Monday, September 10, 2018

Distinguishing Brilliance from Cray Cray

Just because you don't understand something doesn't mean it's crazy.

But, on the other hand, we can't endlessly rake through seeming nonsense for nuggets of unsung brilliance.

It's damnably hard to distinguish between unconventionality and dementia. "Off the rails" is a pejorative phrase, yet it also describes the fruits of great insight and creativity. Leaps like the Theory of Relativity were remarkable for their rail-lessness.

Of course, there's bad "unhinged" and good "unhinged", and vastly more of the former than the latter. But good luck distinguishing. To do so requires plunging in all the way...and who wants to plunge fully into apparent craziness?

I know a writer who's about 5% brilliant, and 95% cocoa-for-cocoa-puffs. In her case, I have taken the plunge, and come up largely - though not completely - empty-handed. But it troubles me, to the point of nausea, to outright dismiss anything she writes, because of that shiny ribbon of brilliance. She sees things I can't, and therefore she deserves slack. While my impulse is to dismiss what seems like pure whacky cray, she's earned the benefit of my doubt. So I fight my impulse.
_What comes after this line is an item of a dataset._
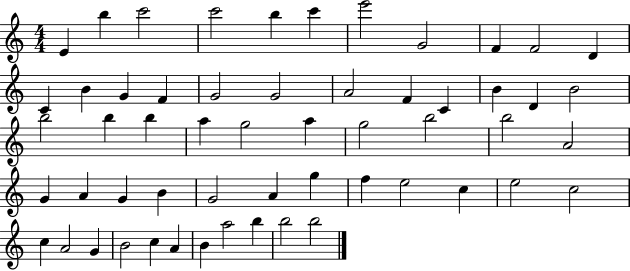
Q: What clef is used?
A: treble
She'd insist that everything she's written is equally truthful and useful, and that I've just failed to see the wisdom in the stranger-seeming material. Maybe, maybe not, but I can certainly relate. Slog readers inevitably tell me they love "some" of my postings. I always ask which they particular like and dislike, and, of course, it's a completely different bag for everyone. I seem astute in certain realms...which others consider froth and balderdash. A reader might love one posting, but be infuriated by another making the exact same point from a slightly different perspective. One thing's nearly unanimous: I am inconsistent, if not erratic. Sometimes smart, sometimes Cocoa Puffs. Which may be true, though, like that other writer, I'd insist, plaintively, that it's all equally truthful and useful (unlike her, though, I register the potential for self-delusion in that insistence).

So how do you distinguish illumination from dementia? Happily, there's a trick, made possible by an undocumented human feature.

You have an internal truth detector. If you come across something deeply truthful, even if you're not in a position to ascertain the truthfulness, you'll get a small jolt. A buzz. A charge. It doesn't come from your mind, which mostly seeks the strokes of confirmation bias, and rarely enjoys surprising, unfamiliar material. Rather, it's intuitive; in the body - perhaps the chest - and not in the brain. The signal is available to all of us, though we may be conditioned to ignore it (scientists and other analytical thinkers must train themselves to ignore "emotionality", and "emotion" covers a very wide terrain for such people to include all nonverbal and intuitive faculties).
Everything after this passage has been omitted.